Anyway, as I dozed on the train from SF to Seattle passing through some of the most beautiful scenery i've seen in the whole world, (I had to take the train because I lost my passport a while ago so I can't fly anywhere - I know, totally stupid, who looses their own passport?!!) I started to recall my week in SF.
I managed to get myself invited to a private Verizon hackathon (verizon is one of America's biggest mobile networks), be invited to a private 'startup crawl' hosted by Zaarly (one of the hottest new startups in the US), was invited to dinner at the home of one of the board for MIT/Stanford Venture Lab, have intimate casual drinks and an invitation to Paris from the inventor of the concept of internet security, meet a developer who could transform my own company, be invited to Facebook's most recent launch party and met countless CEO's, VC's etc etc etc
Anyway, my point isn't to trumpet a succssful week of networking. Rather to analyse why I (a humble no-name) managed to end up in situations many would pay good money to be in. I've boiled it down to two things: the 'Kauffman scholar' tagline which appeared to give me instant credibility and secondly the way I approached new encounters.

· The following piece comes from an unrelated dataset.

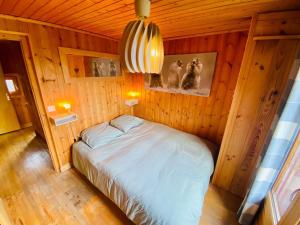 - une chambre avec un lit dans une pièce en bois dans l'établissement Chalet Orval - Chamonix Argentiere, à Chamonix-Mont-Blanc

Rather than think about what I could get out of people, I asked what I could give/do for them. Now, i'm not in a position of authority, I don't have a big network and I would hardly consider myself as having anything of value to give. But as it turns out I did, some of my most beneficial introductions came about by simply acting as a courier between Seattle and San Francisco. I offered to take things to SF for friends of friends. The gratitude I received in return came laden with open invitations to this, that or the other. There were other things I could offer, like introductions to people at Kauffman, a free house in the UK whenever they were passing through or even just buying coffee.
The thing I realised was that if I stopped worrying about how I might benefit from them and instead worried about how I could help them, then the returns were much bigger. So thats the lesson I learned this week. If you want doors to be opened for you - start opening doors for other people first.